- Furnisher Granted Summary Judgment Upon Reconsideration Because It Had No Duty to Repeat an Investigation After Receiving Information It Already Knew
- April 29, 2010 | Author: Martin Thornthwaite
- Law Firm: Strasburger & Price, LLP - Frisco Office
Drew v. Equifax Info. Servs., LLC, et al., 2010 U.S. Dist. LEXIS 25979 (N.D. Cal. March 20, 2010)
Facts: Plaintiff sued Defendants after his identity was compromised and fraudulent accounts appeared on his consumer reports. Defendants sought reconsideration of the denial of their motions for summary judgment. Specifically, Chase Bank USA (“Chase”) challenged the Court’s finding that it was not entitled to summary judgment on Plaintiff’s § 1681s-2(b) reasonable investigation claim regarding disputed credit card accounts. Additionally, FIA Card Services (“FIA”) urged the Court to reconsider its statute of limitations defense to Plaintiff’s § 1681s-2(b) claim, and Equifax joined and adopted FIA’s motion. The Court granted Chase and FIA’s motions for reconsideration and entered summary judgment on Plaintiff’s claims against them, but denied Equifax’s motion for reconsideration.

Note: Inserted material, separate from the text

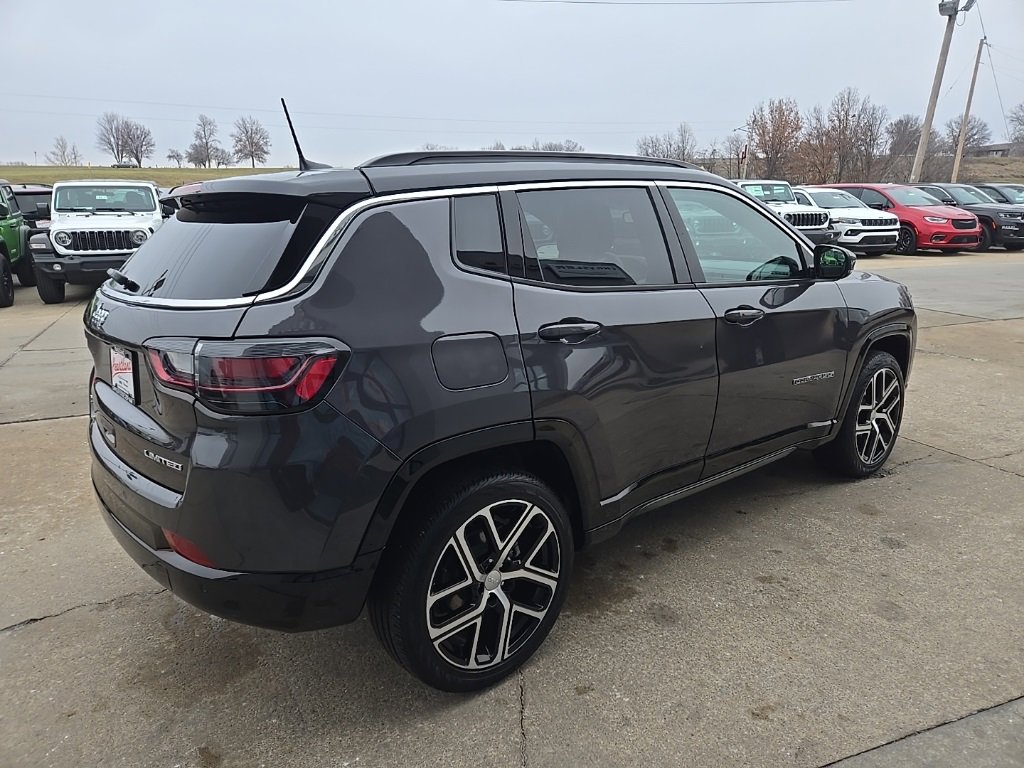 Used 2024 Jeep Compass Limited w/ Elite Group image 10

- Reinvestigation. Furnishers are not required to repeat earlier investigations if they “do not have new information” from the consumer reporting agencies (“CRAs”) or have “reason to doubt the result of the earlier investigation.” Chase had previously confirmed that the account at issue was fraudulent and had already closed the account and reported it as lost or stolen. The Court held that Chase had no duty to repeat its earlier investigation after it received information that it already knew. Further, Plaintiff’s evidence, a consumer report from a third party, that purportedly showed Chase incorrectly reported the account constituted inadmissible hearsay and was unauthenticated. An Equifax file that also may have indicated the account reported incorrectly lacked foundation and also constituted inadmissible hearsay.
- Statute of Limitations. The statue of limitations for a § 1681s-2(b) claim accrues when a consumer discovers that the furnisher failed to conduct a reasonable investigation into the fraudulent account. Plaintiff’s claim against FIA was barred because he failed to bring suit over two years after discovering a possible violation, even after taking into consideration additional months of equitable tolling when Plaintiff underwent cancer treatment.
- Summary Judgment. The Court found that Equifax’s motion for reconsideration improperly introduced a new sub-issue that was not part of its motion for summary judgment. Equifax’s motion adopted FIA’s statute of limitations arguments but failed to explain how they applied to the disputed facts related to the reasonableness of Equifax’s reinvestigation of a separate dispute.